Briefing about the Diabetes Registry of Pakistan (DROP), he said they started the diabetes registry for children with Type 1 Diabetes, but its prevalence was very low, which was around 0.1 million in the country, but there was a need to find the actual number of people with Type 2 diabetes to standardise the healthcare they were receiving to prevent the amputation rate and improve their quality of life.

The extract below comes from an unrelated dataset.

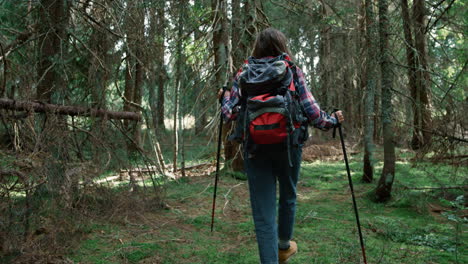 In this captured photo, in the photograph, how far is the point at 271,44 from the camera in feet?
10.1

Lauding the financial and technological contribution from the pharmaceutical firm Pharmevo in the field of research, he said now the cloud technology would be used to register the details of millions of diabetics, their age, gender and other information.

“HealthRAB is now running seven registries of different diseases while around 7-8 registries are in the pipeline. International institutions like the World Health Organisation (WHO) and Harvard University are following our models while Harvard University is going to implement our Changing Diabetes in Children (CDC) in 14 countries of the world,” Prof Basit said.

Speaking on the occasion, the managing sirector of the local pharmaceutical firm, Haroon Qasim, said data was now more valuable than the oil and all policies were being prepared and implemented on the basis of accurate data, but unfortunately, Pakistan lacked data regarding different health conditions among its population and so was unable to prepare health policies accordingly.

“The establishment of the Diabetes Registry of Pakistan (DROP) would help us ascertain the data of our population and prepare the health policies accordingly. We don’t have our homegrown data unfortunately, but these registries would help us in this regard.”

Syed Jamshed Ahmed, the deputy CEO of the pharmaceutical firm, said their company believed in initiating and supporting research in the field of health as it was the only way forward in prevention of diseases.